The Catskill Geologists
Updated by Robert and Johanna Titus

We’re back! Did you read us back when The Mountain Eagle was part of Columbia-Greene Media? Well, here we are again. We will be making frequent contributions to the “new” Mountain Eagle and hope you will be watching for us. We are Robert and Johanna Titus, and we have a long history of writing geology columns here in the Catskills. Run a search on us and you can learn a lot more.
When you begin writing for a newspaper the first thing you ask is about where does it circulate. The Mountain Eagle can be found throughout all of Schoharie County and a good part of Greene and Delaware Counties. That is the heart of the Catskills and that gives us a lot of geology to write about. So, a good place for us to start today is to describe the geology of our mountains in the broadest terms. Let’s ask a deceptively simple question: What are the Catskills?

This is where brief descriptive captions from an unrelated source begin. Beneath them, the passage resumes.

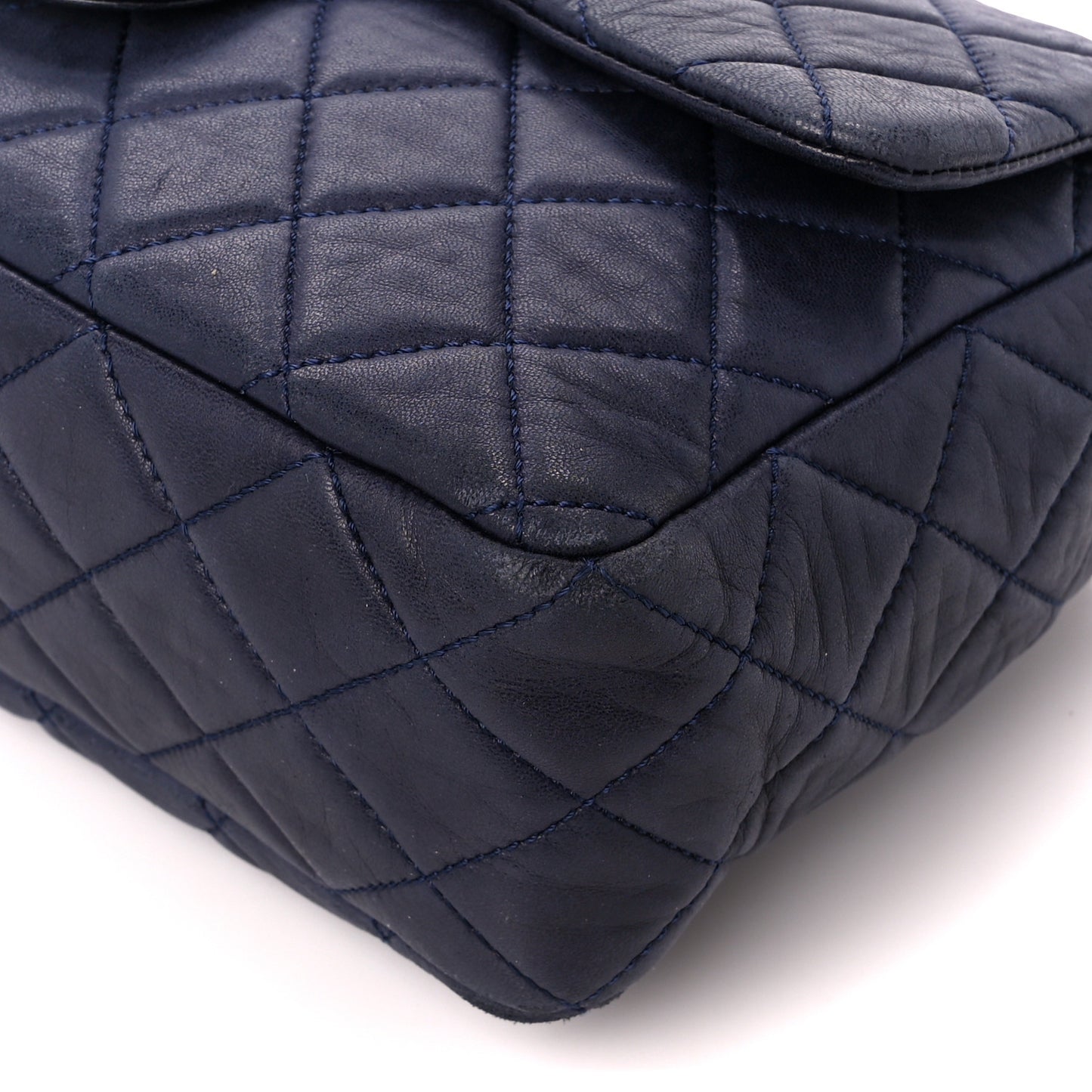 Lambskin Quilted Jumbo Single Flap Navy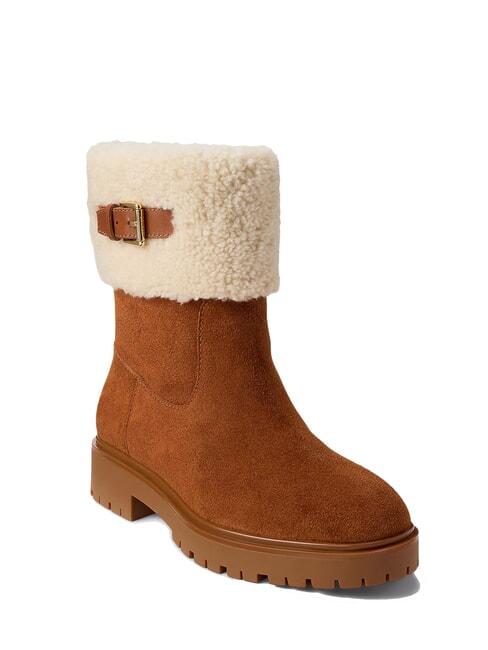 ALLYSON Sheepskin and suede ankle boots lauren tan2 - Women’s shoes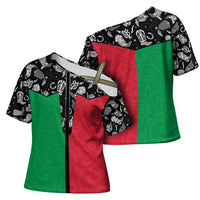 Vanuatu Cowboy Cross Shoulder Shirt Cowboy Symbols Split Stylized LT14 - Polynesian Pride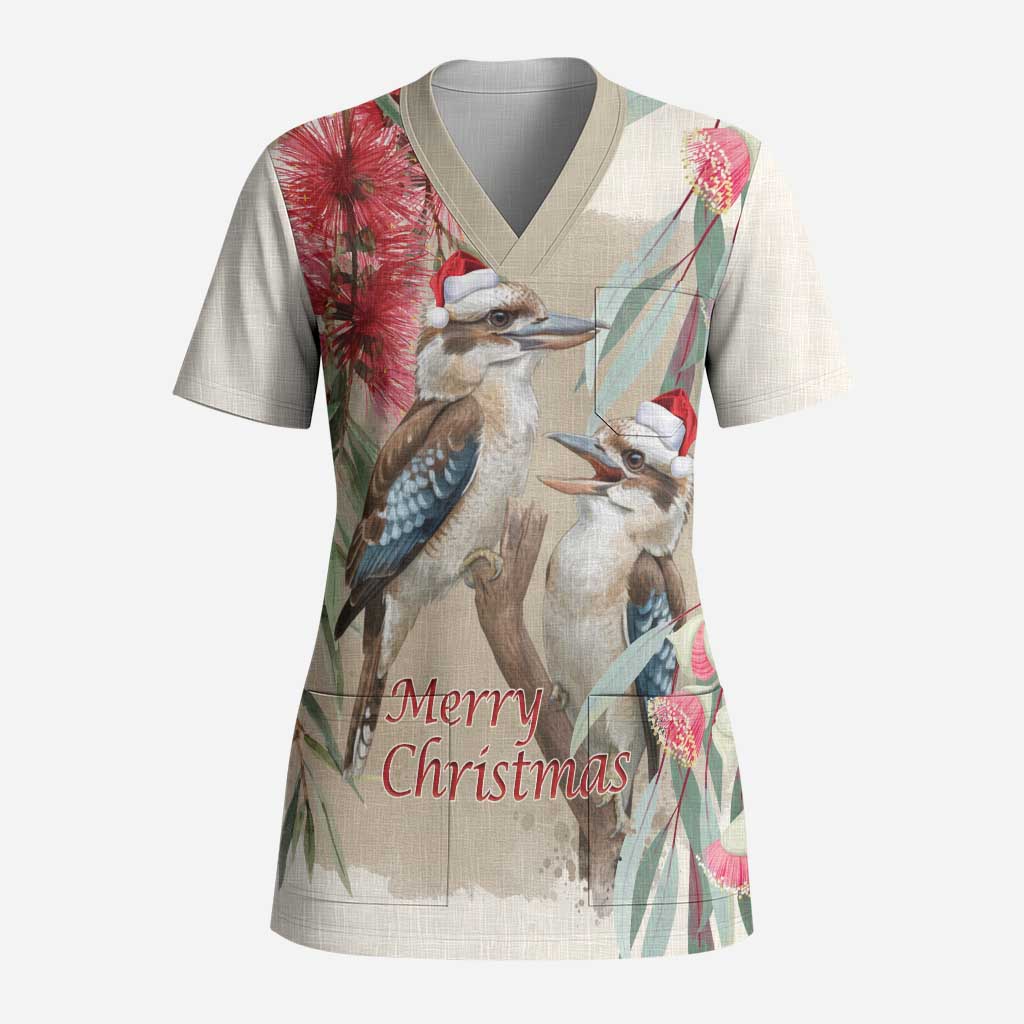 Australia Kookaburra Christmas Scrub Top Bottlebrush Eucalyptus Blossoms Watercolor - Aussie Hoodie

And (without a drumroll) the answer is – the Catskills are a petrified delta. A what?? Does that surprise you? Well then, maybe you need to start learning some geology. Let’s begin by looking at a typical outcropping here in the Catskills. See our photo; the upper half of this outcrop is typical Catskill sandstone. It’s often called bluestone, but it is actually brown to gray. There is a lot of similar sandstones found throughout the Catskills. We would like you to be watching for these stratified rocks as you travel around.
That sandstone was once sand and that means there must have, long ago, been an environment of deposition that accumulated this sediment. What was it? Geologists have been studying these sandstones for more than a century and they have concluded that these sands were deposited in the channels of ancient rivers. When you find a thick sandstone of this type, we would like you to pause in front of it, and imagine the currents that once passed through right where you are standing. Hold your hand up and feel those long-ago currents; you are now using your mind’s eye, and you have traveled into the distant past; what geologists call the deep past.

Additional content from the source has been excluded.